Odias lo que, en realidad, amas. No debería ser difícil perdonar. En el fondo, somos de la misma sustancia, los dolores nos cavan igual, nos mortifican los mismos tormentos, festejamos las mismas cosas. Vierte tu alma dentro de otra y solo encontrarás amor. En el rostro ceñudo, en los ojos más fríos, en los odios más fieros. No debería ser difícil perdonar...
no odies lo que amas

No hay amor más puro que el que no exige condiciones, el que exonera al deseo, el que se basta a sí mismo y no persigue sino la paz del otro, la alegría del otro, la plenitud del otro. Él sabía que ella era un sol que brillaba sin fuerza, una sonrisa a la deriva, que en el fondo solo habitaba una niña sin fuerza, frágil, herida. No lo habitó el deseo sino el amor, esa sustancia sublime que solo proviene de Dios y nos conecta en un abrazo que se sacia con su propia energía. La abrazó con fuerza frente al mar, sobre esas piedras calientes, debajo del astro clemente que los alumbraba en aquella tarde de abril.

"No me odiaste", dijo él, observando sus pequeños ojos fijos, la abrazó bajo el cielo infinito. "¿Cómo odiar lo que solo ves en ti?". Creemos odiar en el otro lo que en ti mismo habita.  "Hurga en tu interior, ama lo que crees que odias, haz de tu corazón roto arte, amor, servicio..." Ella echó unas lagrimas, tomó sus manos, colocó una de ellas en su corazón. Descubrió que ella era él, que todos somos uno, que odiamos lo que, en realidad amamos, o quizás odiamos lo que tememos, que nos tricen el corazón, que nos quiebren las alas, que nos rompan las patas. Él la abrazó y le dijo que estaba segura, que nada habría de pasar. Ella, por fin lo miró con el rostro del amor.

Él extrajo de su bolsillo un breve poema entrecortado, Rosario Castellanos. Destino.


Matamos lo que amamos.
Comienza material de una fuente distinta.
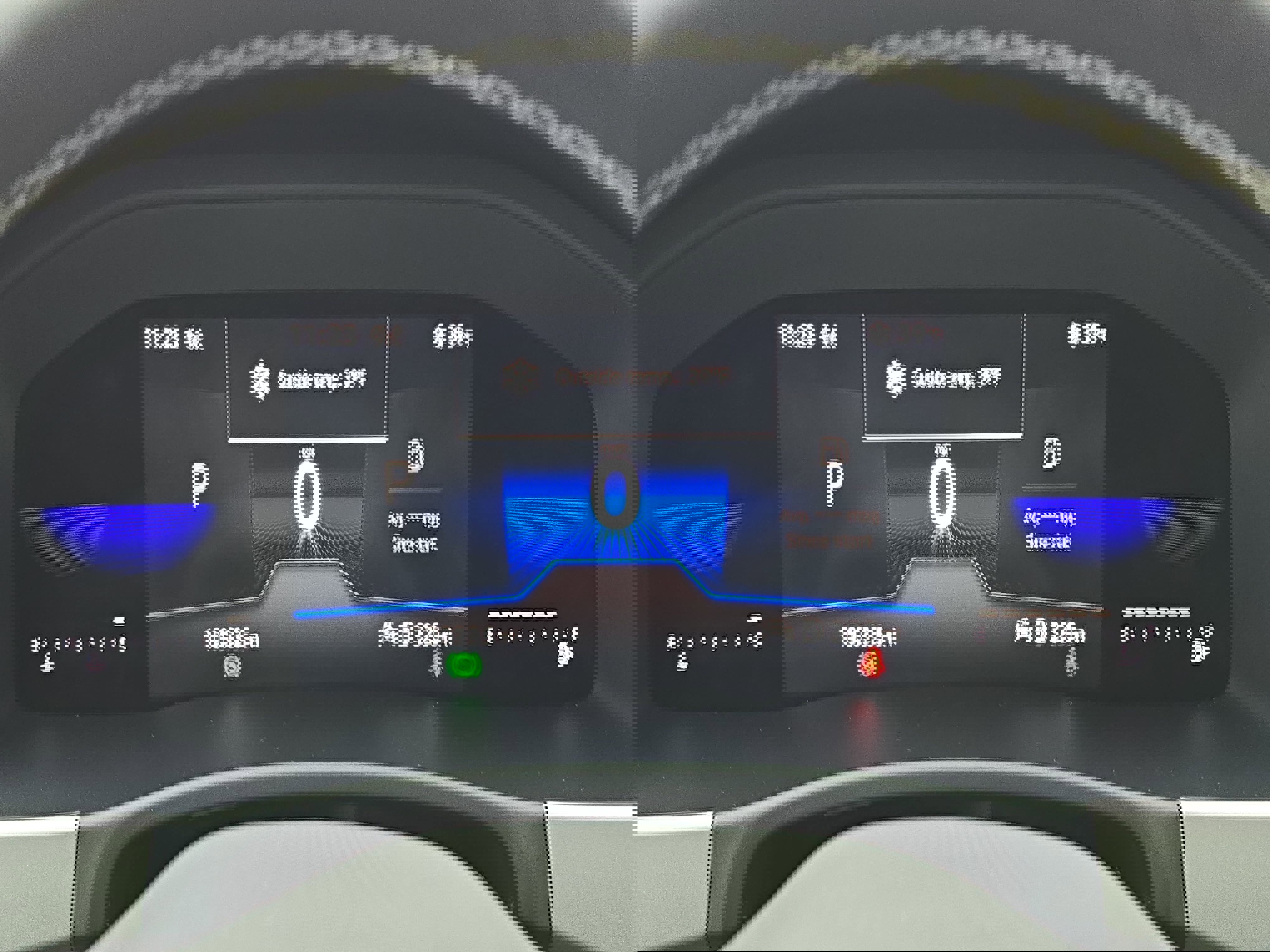 Used 2022 Volkswagen Atlas SE image 20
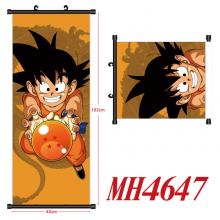 MH4647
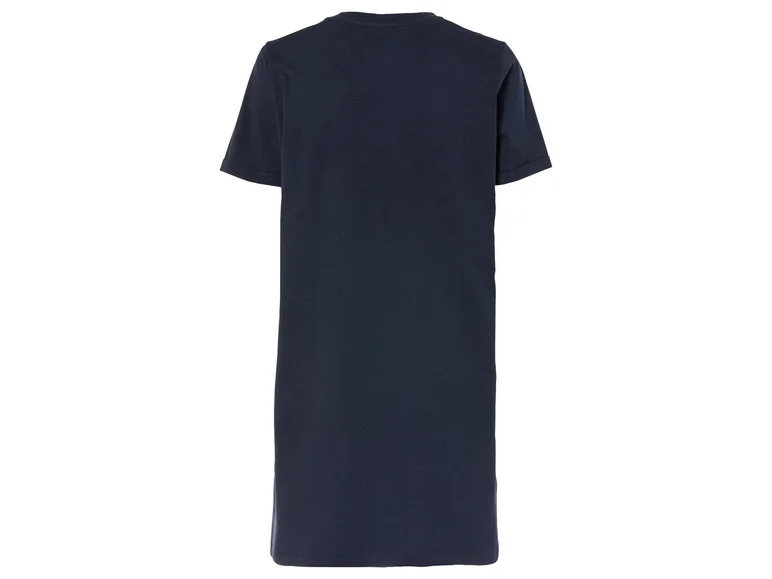 Robe femme — SKU C0NCATU7AN5PK7YA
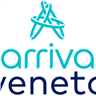 Arriva Veneto logo
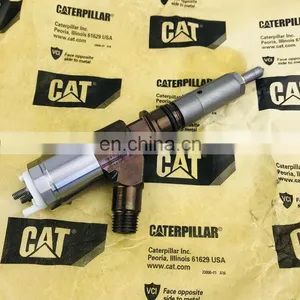3200690 Diesel Fuel Injector 320-0690 for CAT/ PKS C6.6 ENGINES thumbnail-5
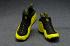 Nike Air Foamposite One Optic Yellow Wu Tang Electrolime 스니커즈 신발 314996-330 .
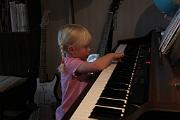 IMG_7029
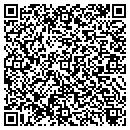 QR code with Graves Public Library contacts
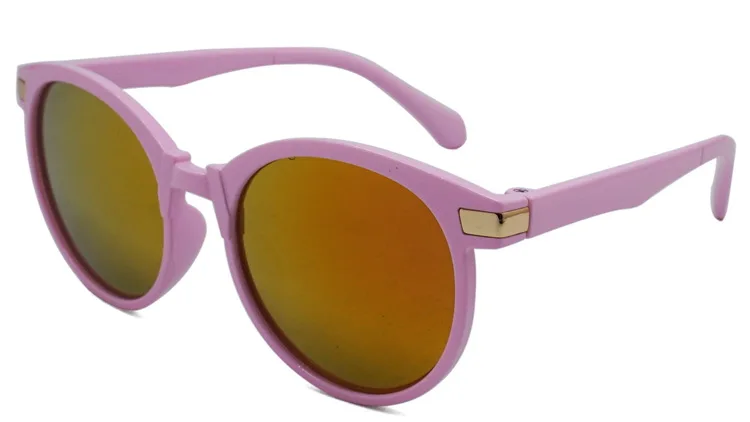 unisex children's fashion sunglasses overseas market for wholesale-13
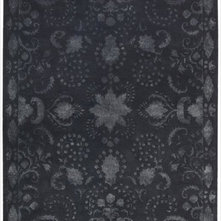 Contemporary Rugs by Overstock.com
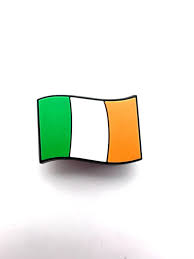 🇮🇪 Flag of Ireland Emoji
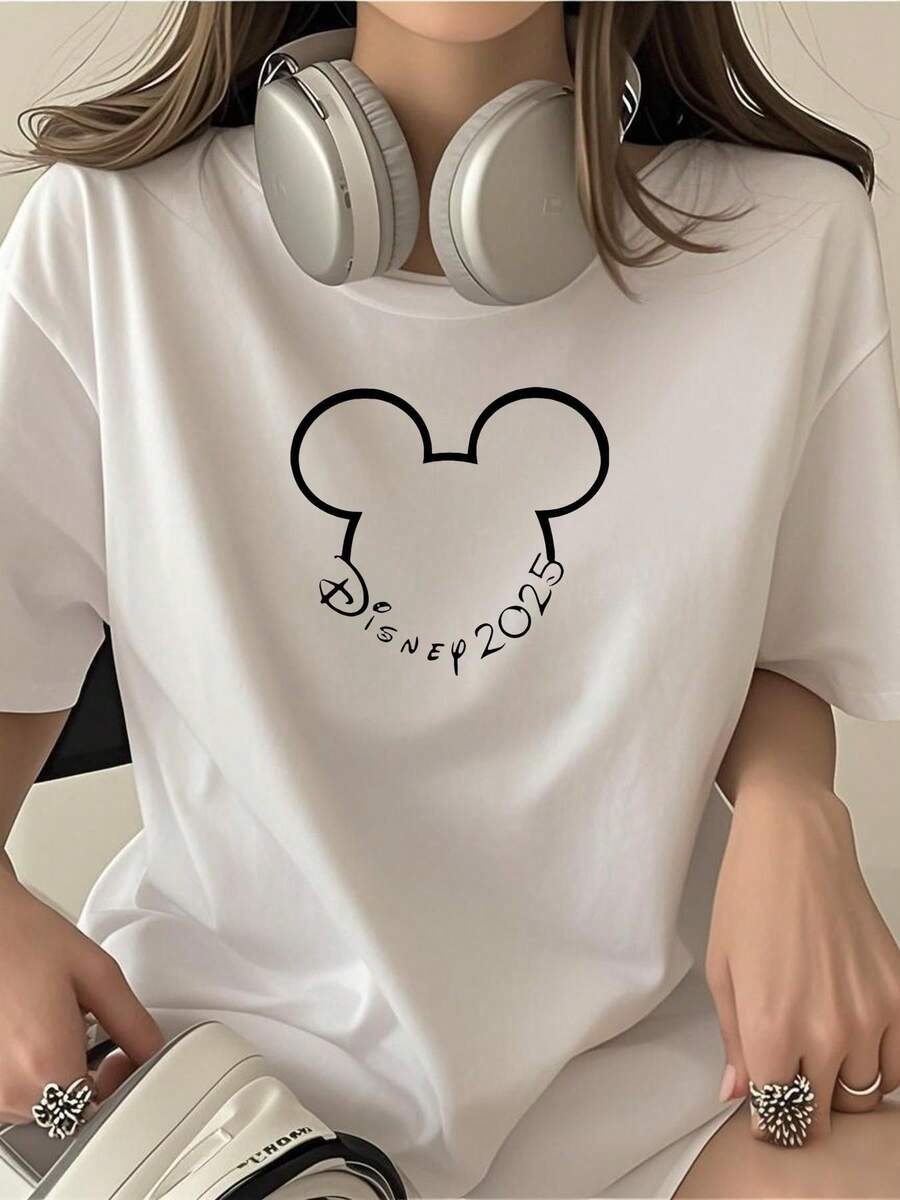 Women Undershirt Tops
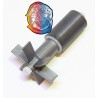 Eheim Rotor 2217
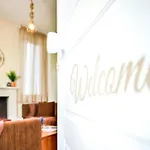 Philippos House * Пефкохори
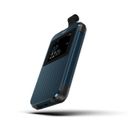 Routeur Mobile 5G - ACER - ENDURO M3 - Wi-Fi 6 - Batterie 6500 mAh - Design Robuste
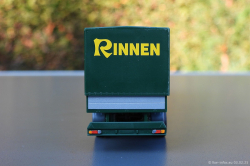 20250203-Rinnen-00104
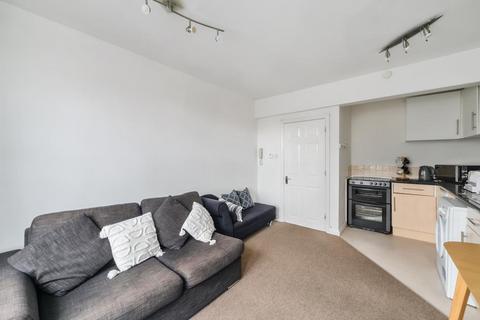 1 bedroom flat for sale, Reading,  Berkshire,  RG1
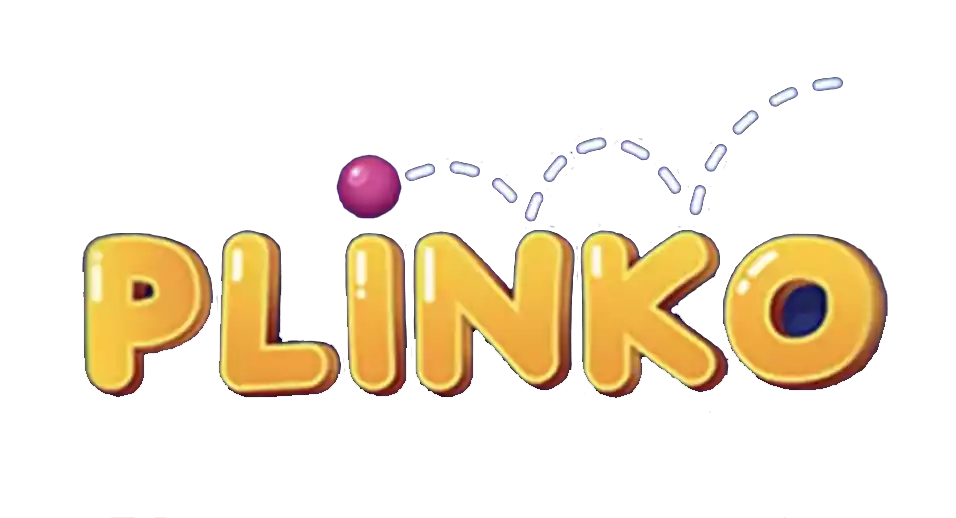 Plinko
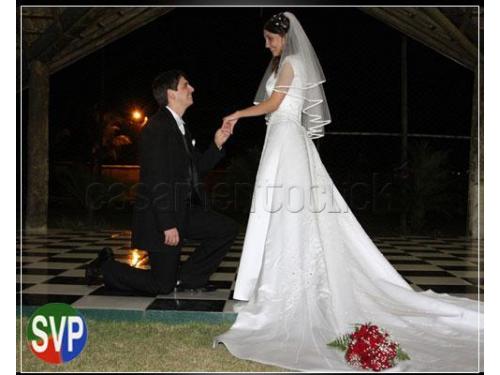 Finalização em blu-ray e dvd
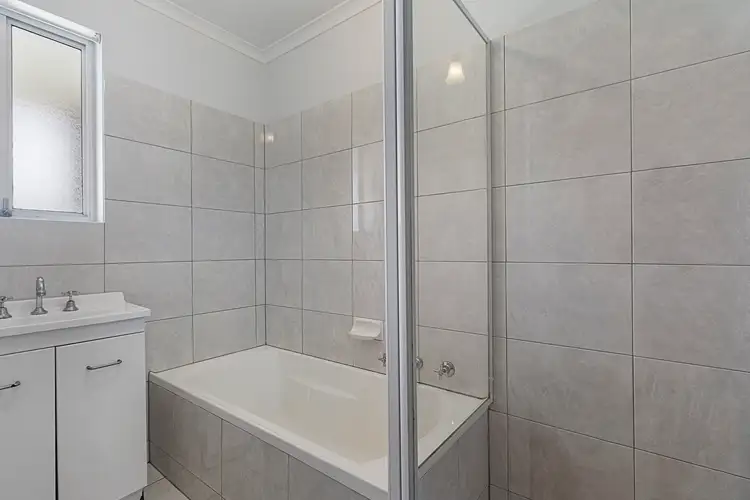 Sixth view of Homely unit listing, 9/111 Morphett Road, Morphettville SA 5043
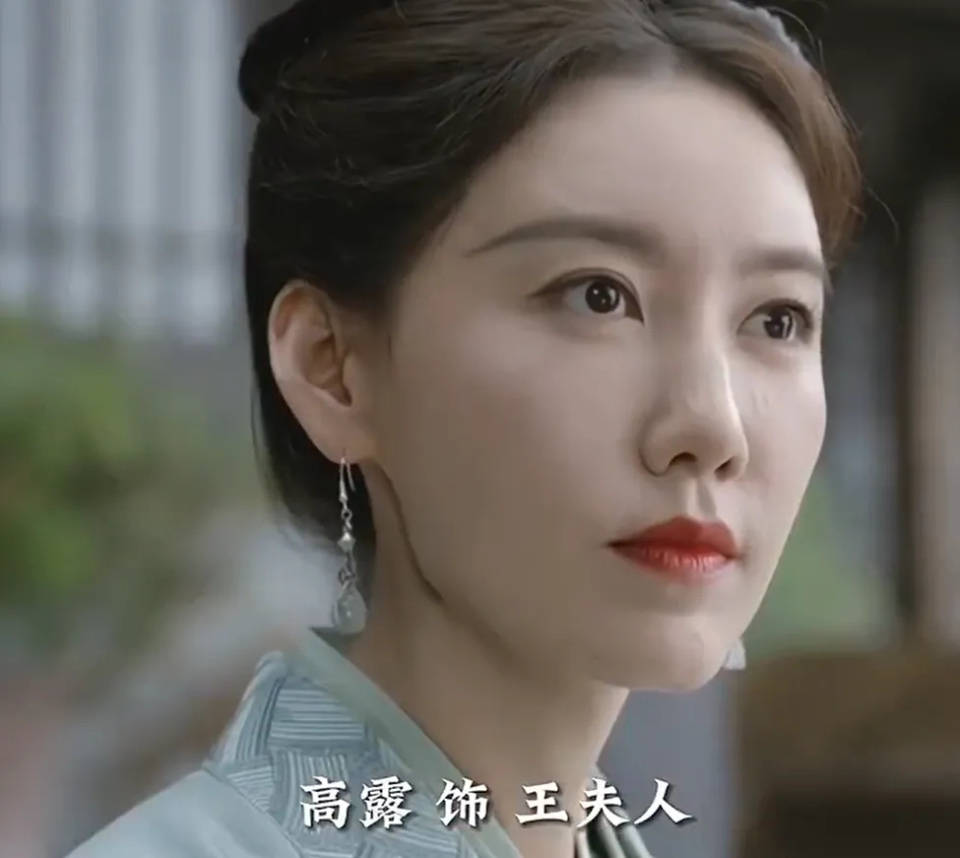 《庆余年2》将开播,李沁红衣大婚造型惹眼,谁是剧中颜值担当?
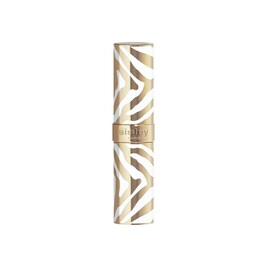Phyto-Rouge Shine - Shining lipstick
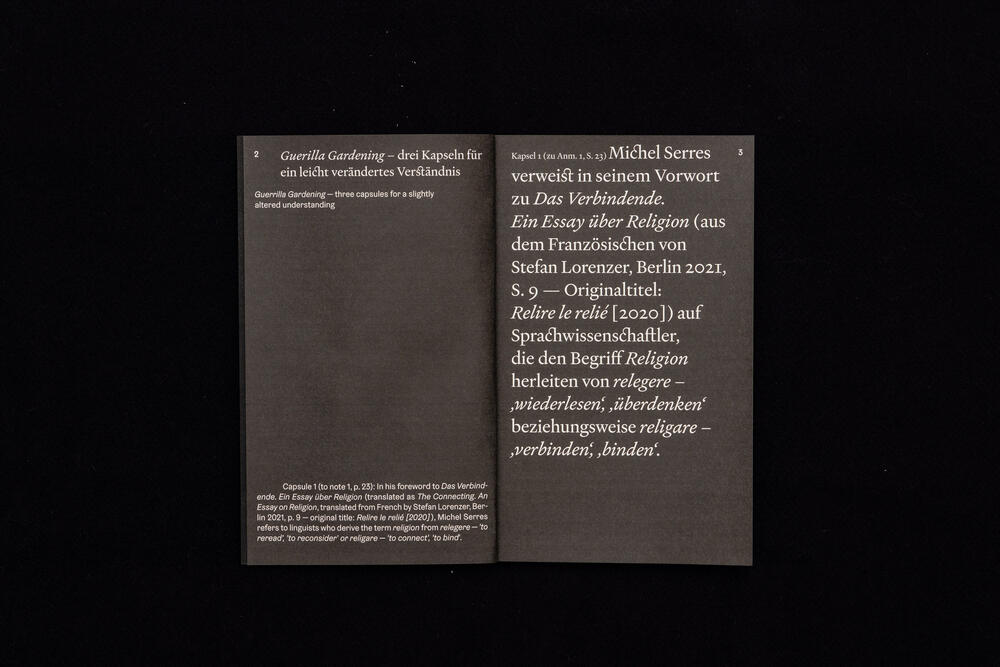 Image from page “Obdach Boden” (Photo: Ricardo Nunes)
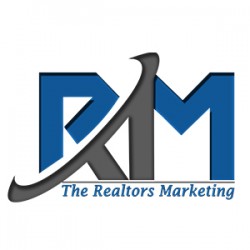 The Realtors Marketing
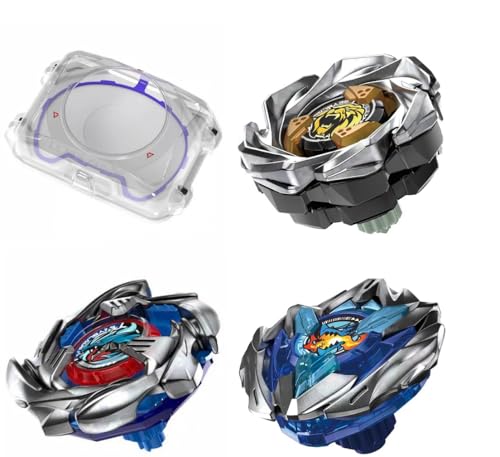 楽天市場】今年最後の買い回り【楽天大感謝祭×ポイントアップ】開催中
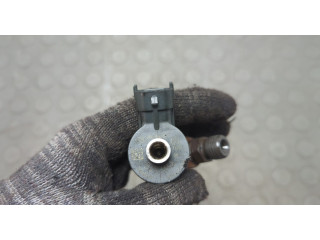 Форсунка топливная  Jeep Grand Cherokee 2013-2022         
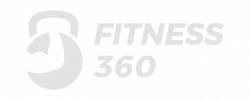 Fitness360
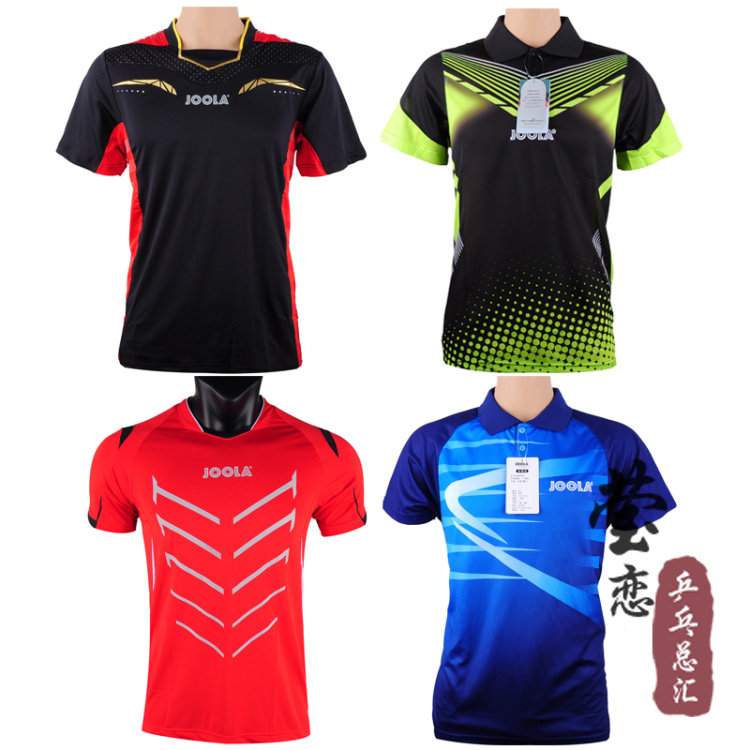 Снимок продукта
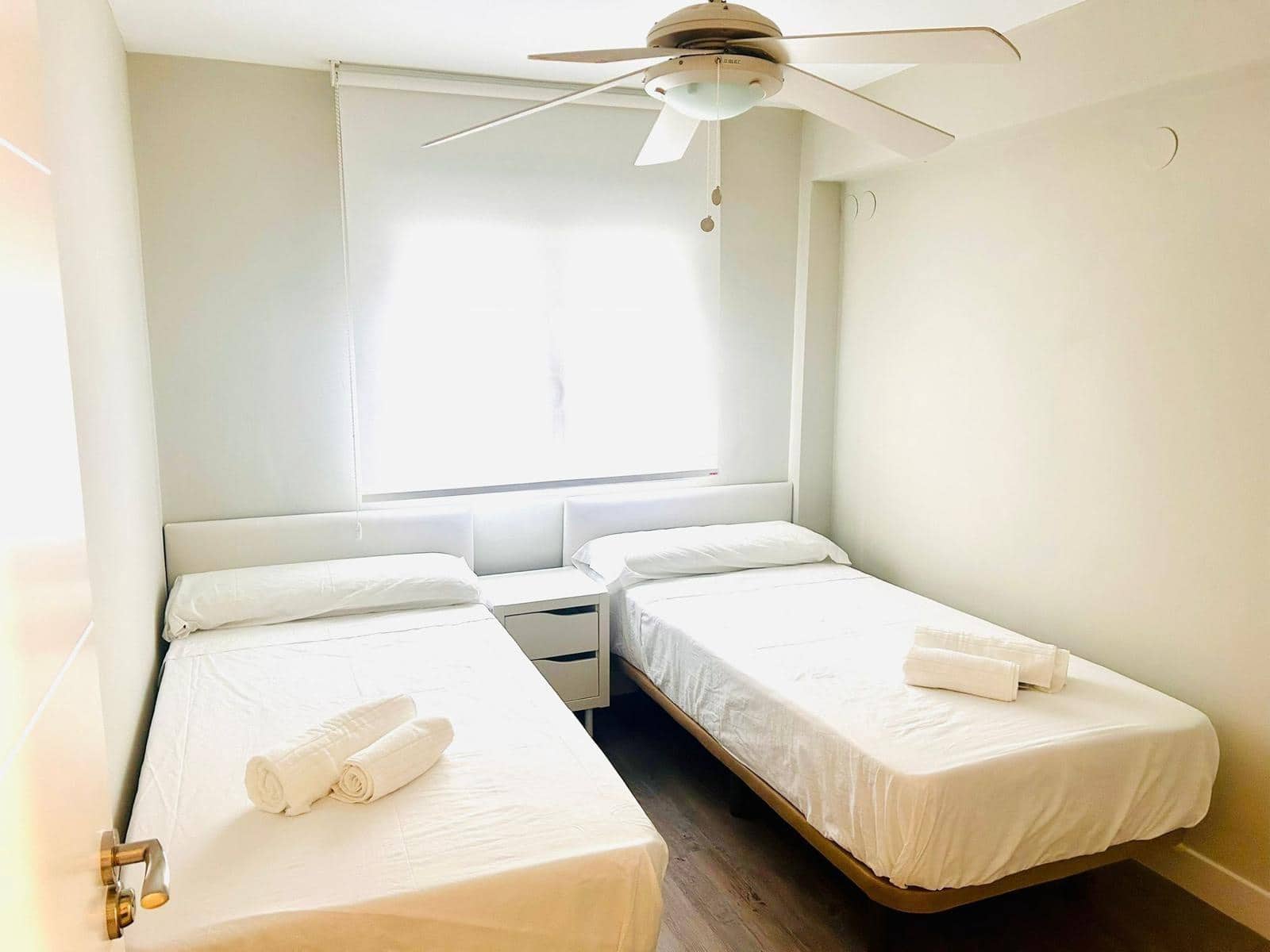 3 soverom Leilighet til salgs i Cordoba by - € 183 900 (Ref: 9360004)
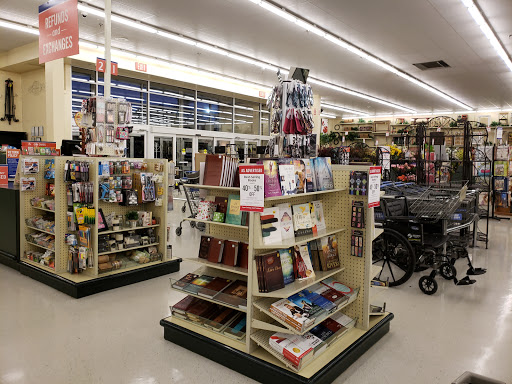 Craft Store «Hobby Lobby», reviews and photos, 21759 N State Rd 7, Boca Raton, FL 33428, USA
Lo demás

no ha estado vivo nunca.

Ninguno está tan cerca. A ningún otro hiere

un olvido, una ausencia, a veces menos.

Matamos lo que amamos. ¡Que cese esta asfixia

de respirar con un pulmón ajeno!

El aire no es bastante

para los dos. Y no basta la tierra

para los cuerpos juntos

y la ración de la esperanza es poca

y el dolor no se puede compartir.

El hombre es anima de soledades,

ciervo con una flecha en el ijar

que huye y se desangra.

Ah, pero el odio, su fijeza insomne

de pupilas de vidrio; su actitud

que es a la vez reposo y amenaza.

El ciervo va a beber y en el agua aparece

el reflejo del tigre.

El ciervo bebe el agua y la imagen. Se vuelve

-antes que lo devoren- (cómplice, fascinado)

igual a su enemigo.

Damos la vida sólo a lo que odiamos.